#### [EXERCISE DATA]
━━━━━━━━━━━━━━━━
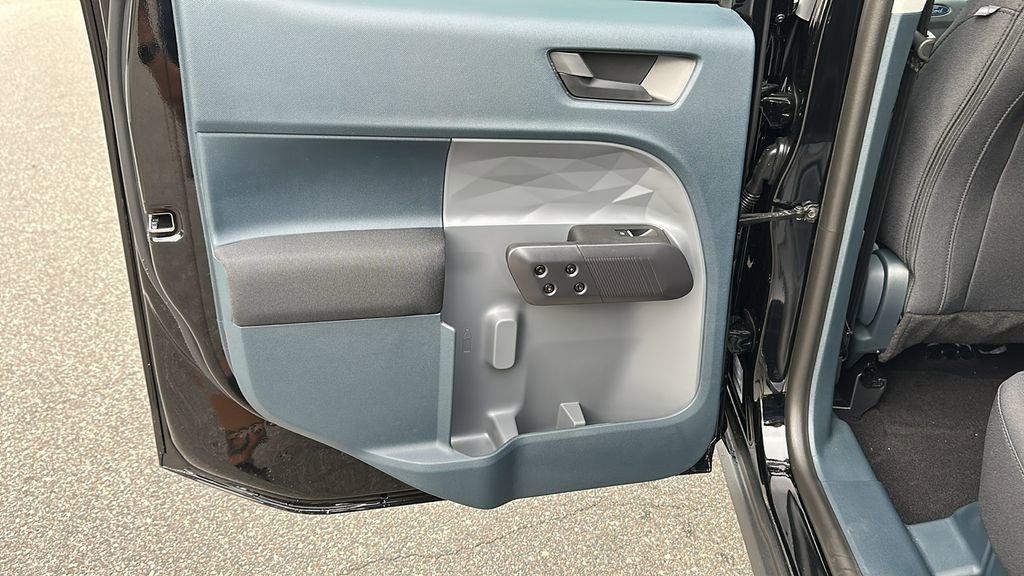 Used 2025 Ford Maverick XL image 9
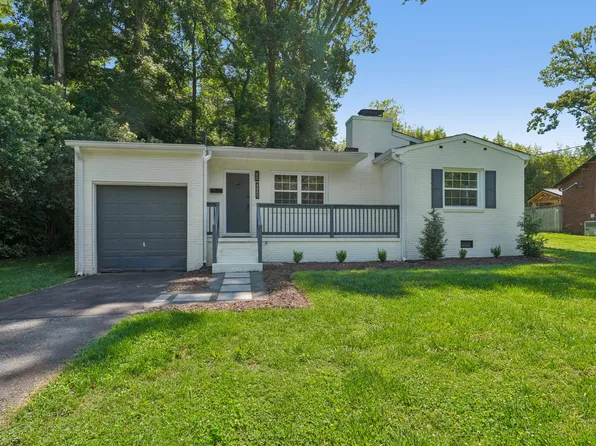 4065 Hiddenbrook Dr, Charlotte, NC 28205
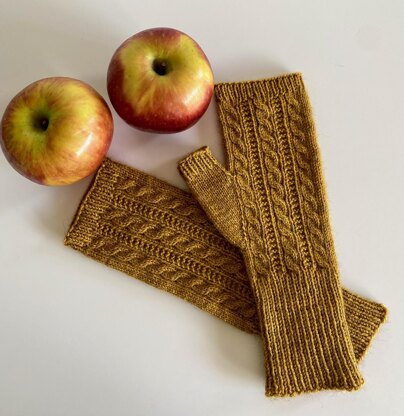 Orchard Stroll Mitts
━━━━━━━━━━━━━━━━
#### [YOUR OBJECTIVE]
Once the line with "4065 Hiddenbrook Dr, Charlotte, NC 28205" is found, write out that line and every later line of the listing above exactly, through the last one, and skip any pictures.

#### [EXERCISE ANSWER]
 4065 Hiddenbrook Dr, Charlotte, NC 28205
 Orchard Stroll Mitts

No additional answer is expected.